• [What is needed] I'd like the entries repeated exactly, without their pictures.
* * *
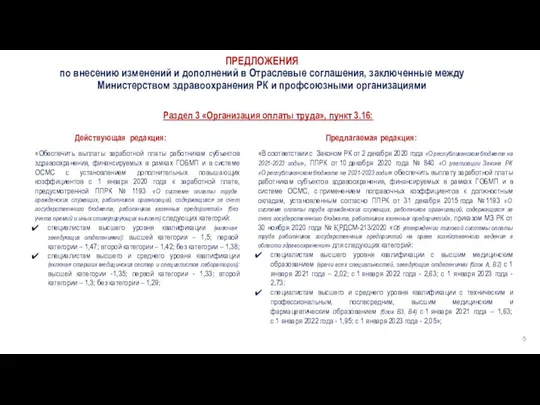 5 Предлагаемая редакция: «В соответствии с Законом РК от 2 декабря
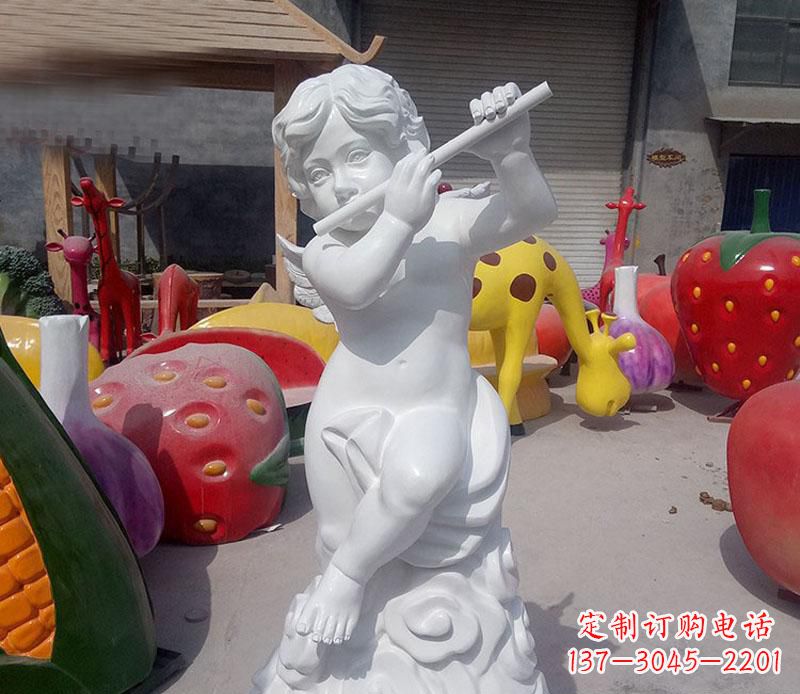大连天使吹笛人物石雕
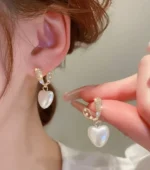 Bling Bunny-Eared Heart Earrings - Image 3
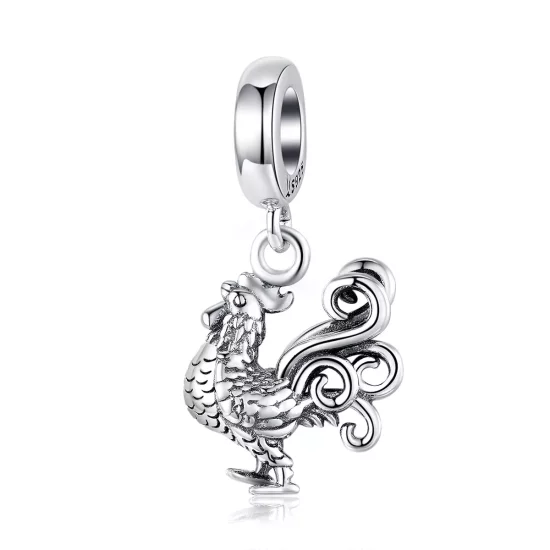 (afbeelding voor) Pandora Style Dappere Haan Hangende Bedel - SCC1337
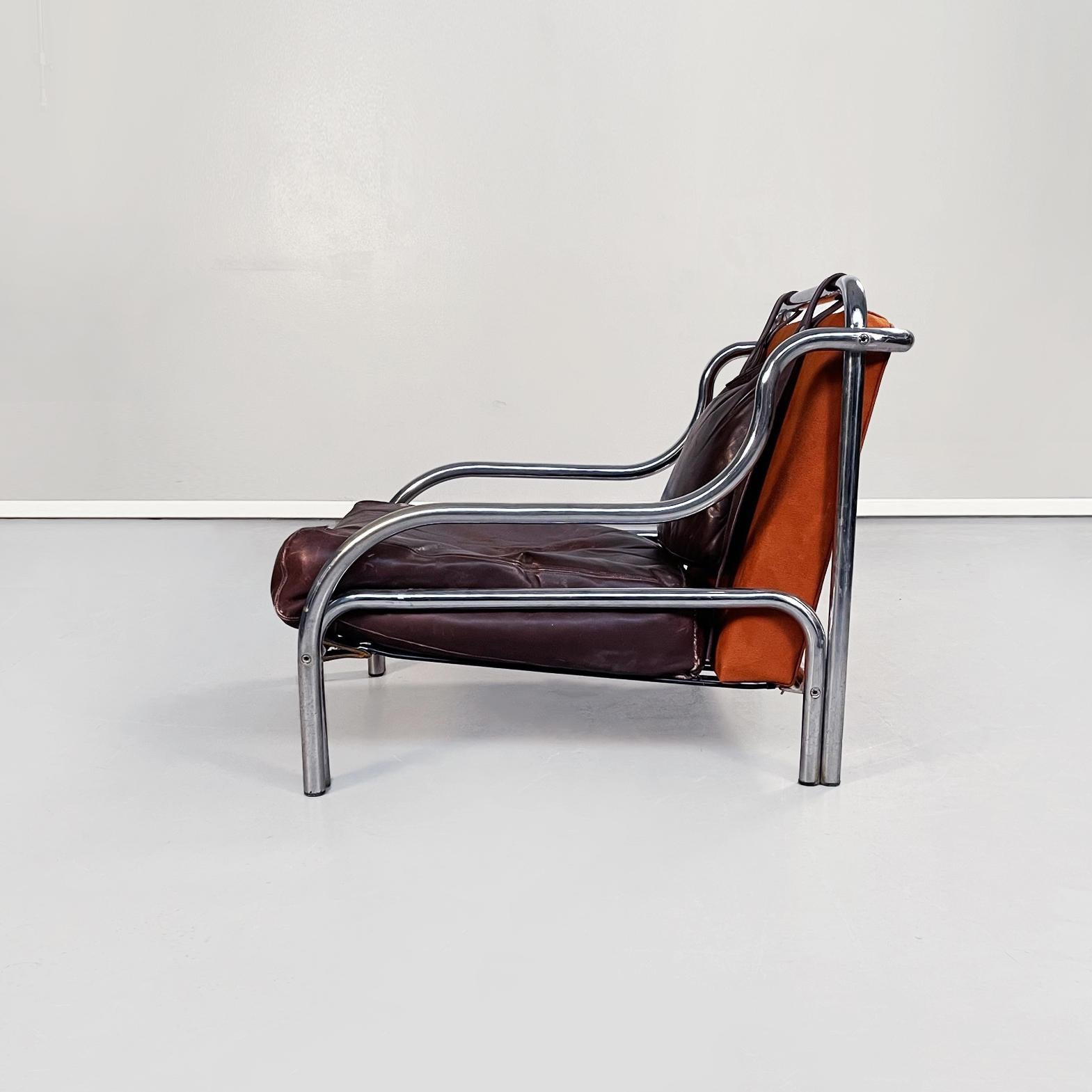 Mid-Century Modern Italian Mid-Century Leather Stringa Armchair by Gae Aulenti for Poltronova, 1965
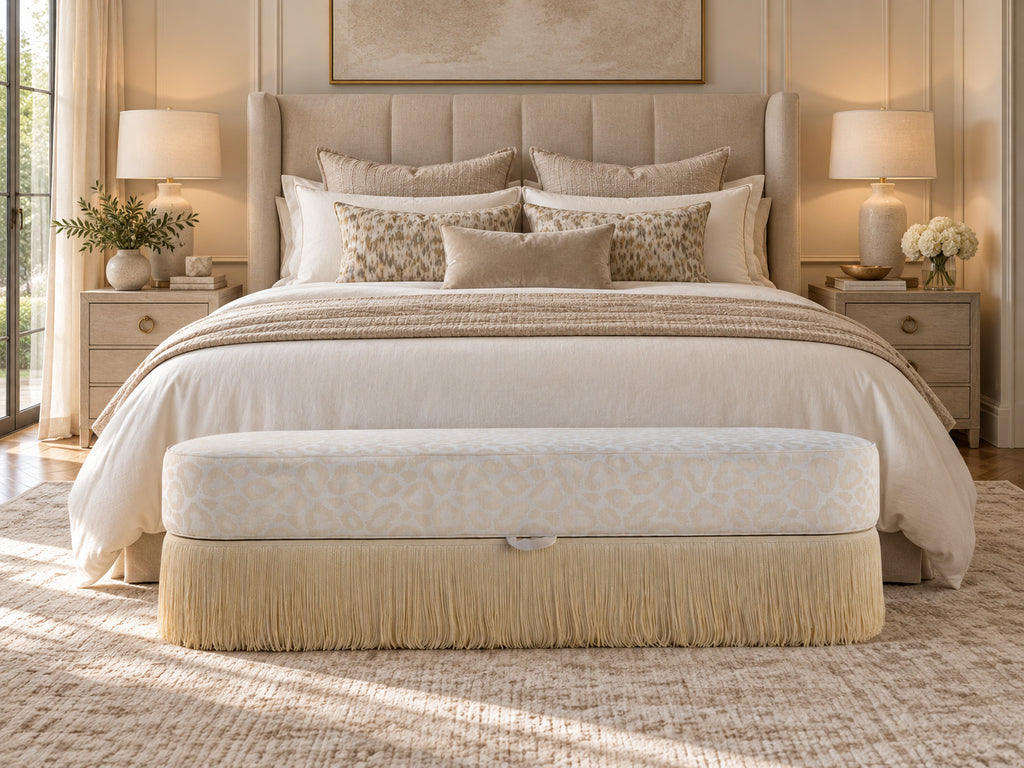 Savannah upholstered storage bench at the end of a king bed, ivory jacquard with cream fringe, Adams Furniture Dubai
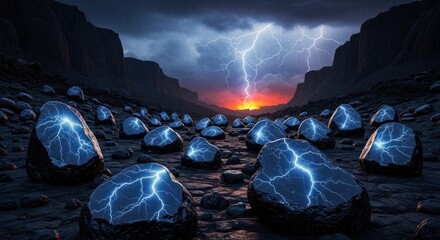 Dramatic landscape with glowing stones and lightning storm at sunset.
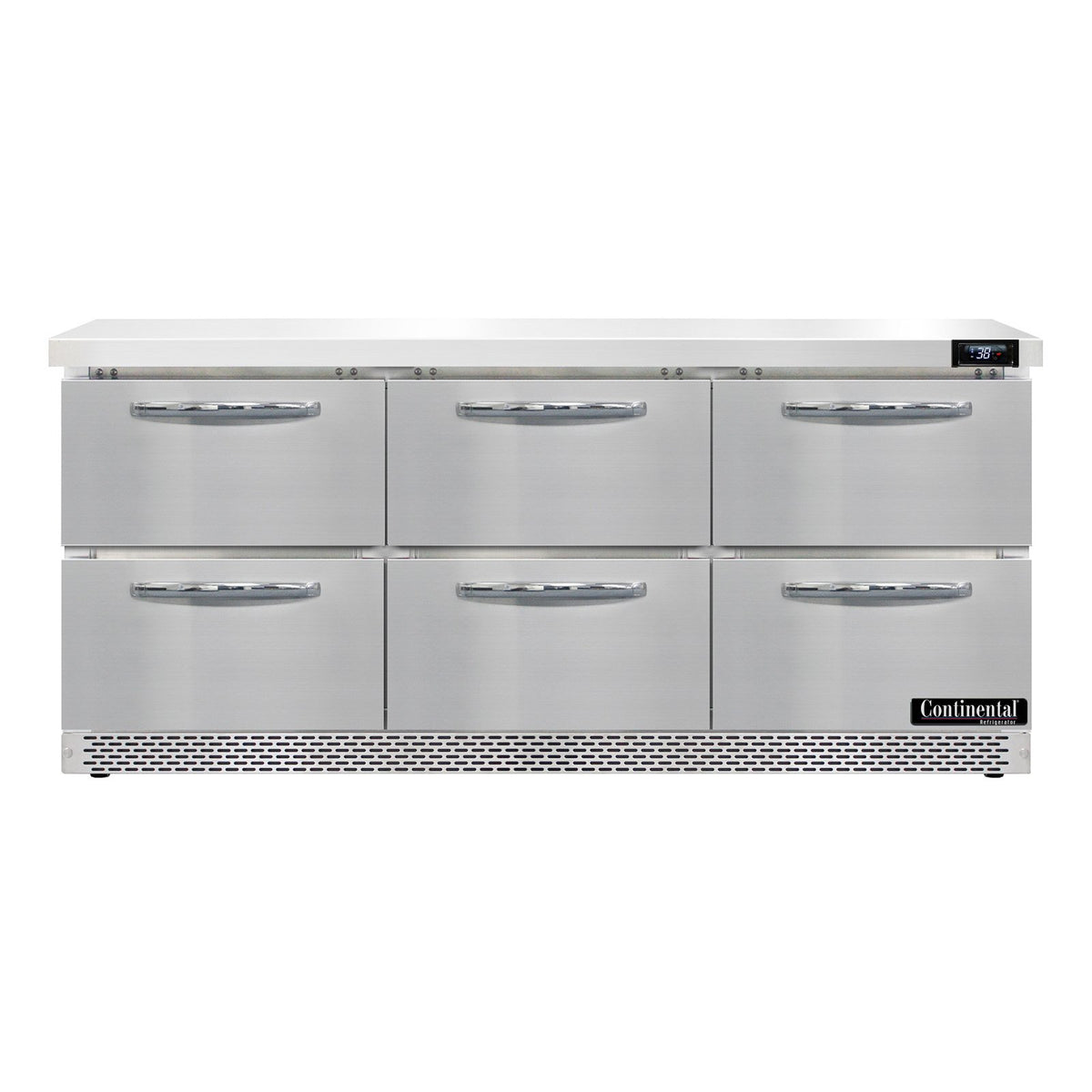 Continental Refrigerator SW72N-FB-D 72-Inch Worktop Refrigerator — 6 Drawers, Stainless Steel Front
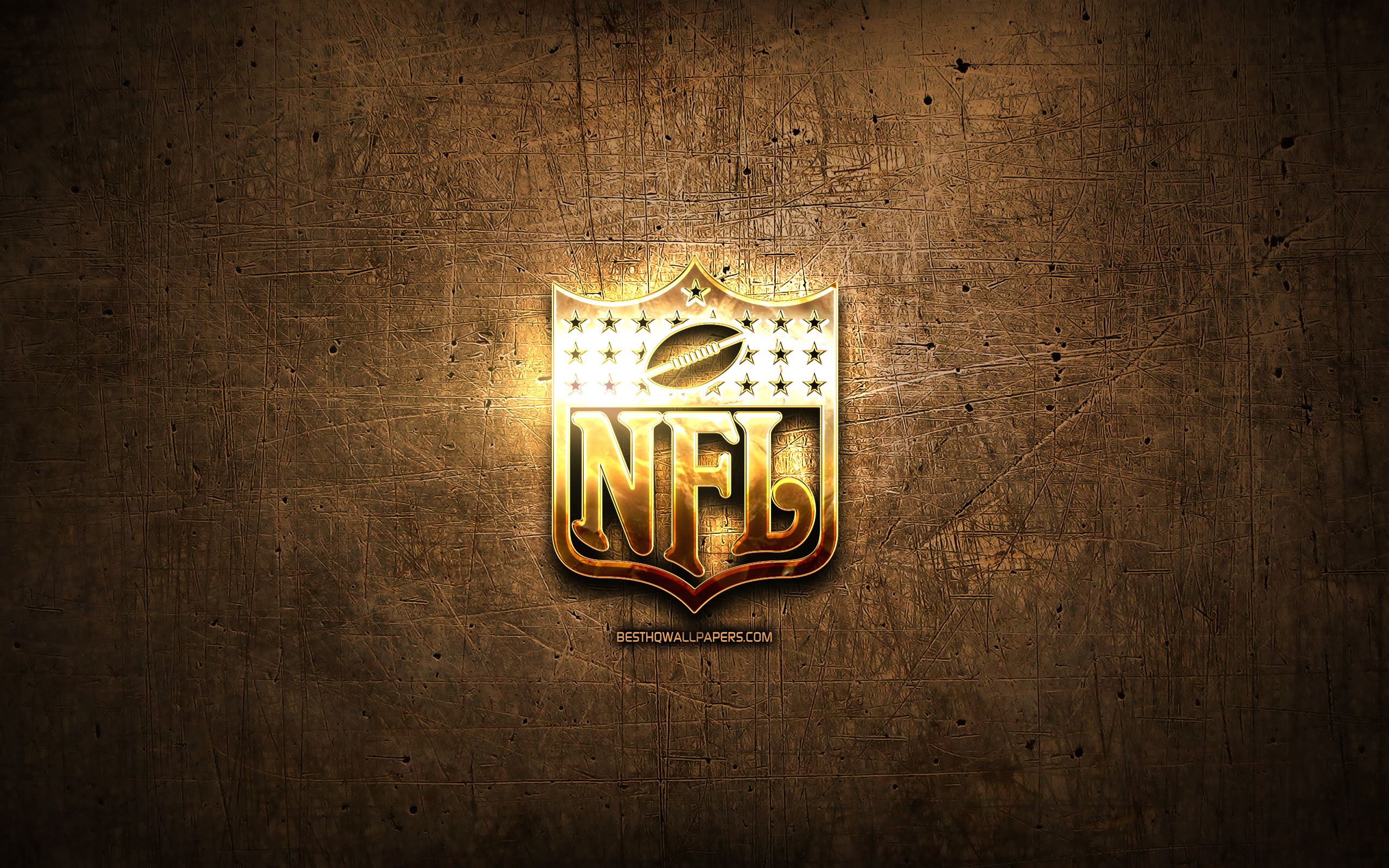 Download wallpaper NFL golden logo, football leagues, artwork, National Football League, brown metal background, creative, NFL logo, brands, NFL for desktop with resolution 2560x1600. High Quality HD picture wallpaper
* * *
• [Output of the exercise]
 5 Предлагаемая редакция: «В соответствии с Законом РК от 2 декабря
大连天使吹笛人物石雕
 Bling Bunny-Eared Heart Earrings - Image 3
 (afbeelding voor) Pandora Style Dappere Haan Hangende Bedel - SCC1337
 Mid-Century Modern Italian Mid-Century Leather Stringa Armchair by Gae Aulenti for Poltronova, 1965
 Savannah upholstered storage bench at the end of a king bed, ivory jacquard with cream fringe, Adams Furniture Dubai
 Dramatic landscape with glowing stones and lightning storm at sunset.
 Continental Refrigerator SW72N-FB-D 72-Inch Worktop Refrigerator — 6 Drawers, Stainless Steel Front
 Download wallpaper NFL golden logo, football leagues, artwork, National Football League, brown metal background, creative, NFL logo, brands, NFL for desktop with resolution 2560x1600. High Quality HD picture wallpaper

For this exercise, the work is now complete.